Pollsters are increasingly embracing new methods in the run-up to the 2022 midterms after notable misses in recent races. Front of mind is the looming 2024 election cycle, when former President Donald Trump — whose support among the electorate has bedeviled pollsters trying to measure it for the past seven years, including missing low on Trump’s vote before his 2016 win and underestimating the closeness of his 2020 loss — could be on the ballot for the third consecutive presidential election.
Both the internal polling that drives campaigns’ decisions and the media surveys that help shape coverage of the races are already changing: Pollsters are trying new ways to collect data, like contacting potential respondents by text message instead of phone calls, and seeking new ways of adjusting the data after to make it more accurately reflect the whole electorate.

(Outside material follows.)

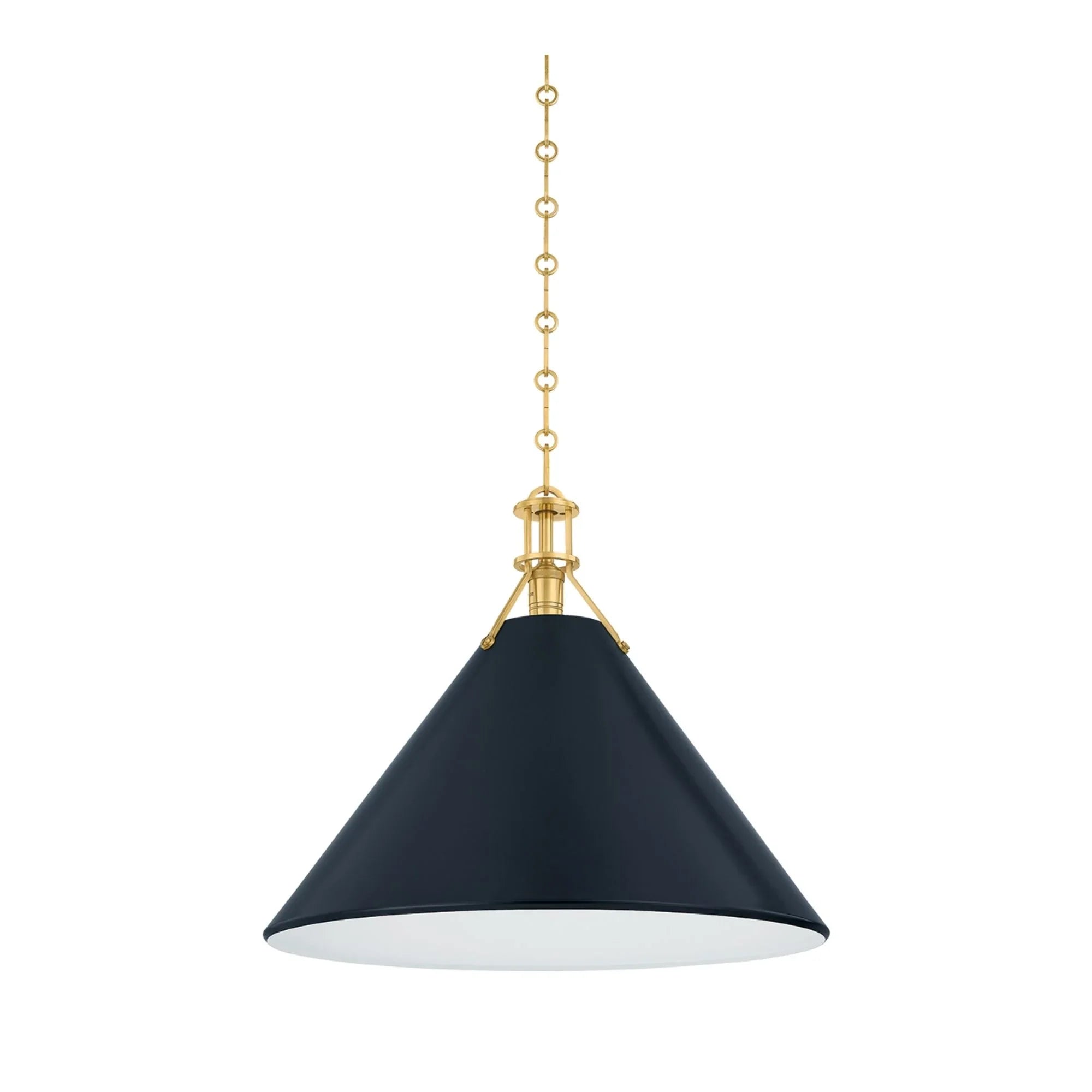 Painted No. 2 21" Pendant, Aged Brass/Distressed Bronze Finish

At the American Association for Public Opinion Research’s annual conference here last week, the papers presented and the sideline conversations presaged the biggest change in election polling since Americans began cutting the cord and ditching landlines for cell phones.
As the polling industry seeks to pick up the pieces after “a disaster for our field,” as longtime Pew Research Center pollster Scott Keeter referred to the 2020 election, some of these new methods are seeping into the mainstream. Major media polls are now reaching some respondents via text message or mail solicitations, replacing or supplementing the phone calls that have dominated polling for decades — but are less likely than ever to be answered by potential respondents.
Increasingly, pollsters across the field favor combining multiple methods of contact in the same poll, seeking to include the hardest-to-reach Americans.
“The future’s multi-modal,” said Republican pollster David Kanevsky, who attended the conference. “We’re going to reach you any way we can.”
It’s already happening across the board. After ending their more-than-30-year partnership with NBC News after the 2020 election, the Wall Street Journal’s new poll — a cooperative effort between the pollsters for both Trump and President Joe Biden — reaches a quarter of its respondents via text message. The technique, called “text-to-web,” sends a link to an internet survey, and those interviews are added to others conducted by voice over landlines and cell phones.
Over the past year, CNN’s polling has spanned a wide range of methods. Conducted both over the phone and the internet, some polls are conducted from respondents who have joined a panel maintained by SSRS, the Pennsylvania-based company that conducts polls for CNN and other outlets. But the samples for two other CNN polls — one earlier this year and one in the summer of 2021 — were obtained by mailing solicitations to people at home and asking them to participate, either on the phone or the web.
Prior to last summer, all of CNN’s national polling had been conducted by phone.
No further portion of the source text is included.